Towards the end of his life, he was famous enough that his apartment in Oslo would draw adoring fans, gazing up at the windows, hoping to glimpse the man dubbed “the father of the modern theatre”.

That street has since been renamed “Henrik Ibsens gate”, and his sumptuous flat preserved as a museum. 

I visited this rather grand address recently, with its views across a wide boulevard onto one of Oslo’s elegant city parks; it was easy to imagine Ibsen, sitting on his plush green velvet furniture or at the heavy desk in the window, writing busily or fiddling with his “devil’s orchestra” of quirky little figurines kept on hand for moments of writer’s block. 

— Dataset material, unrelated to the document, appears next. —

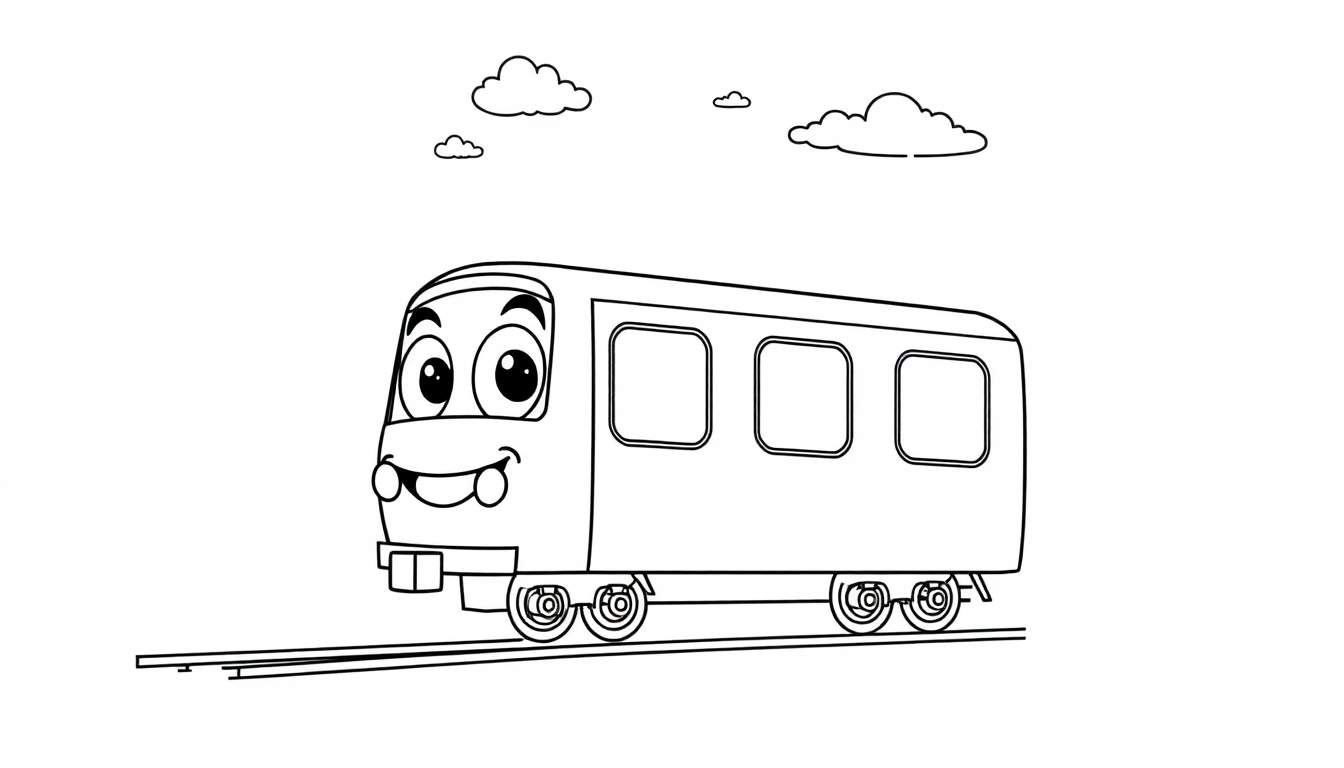 Tren de metro sonriente y amistoso, listo para colorear, con tres ventanas y nubes, perfecto para una placa de color.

His routine involved writing every morning before downing tools and parading past the nearby Royal Palace and the National Theatre on his way to the Grand Café for lunch, a beer and a cognac. The predictability of this daily ritual meant that fans tended to follow him there, too.

Ibsen’s celebrity has endured in the 117 years since his death; he is the world’s most-produced playwright after Shakespeare and, in Britain, we still can’t seem to get enough of him. 

A West End production of An Enemy of the People starring Matt Smith has just been announced, while this month a bold new version of Hedda Gabler starring Antonia Thomas (LovesickStill Up) opens in London, at the Rose Theatre Kingston.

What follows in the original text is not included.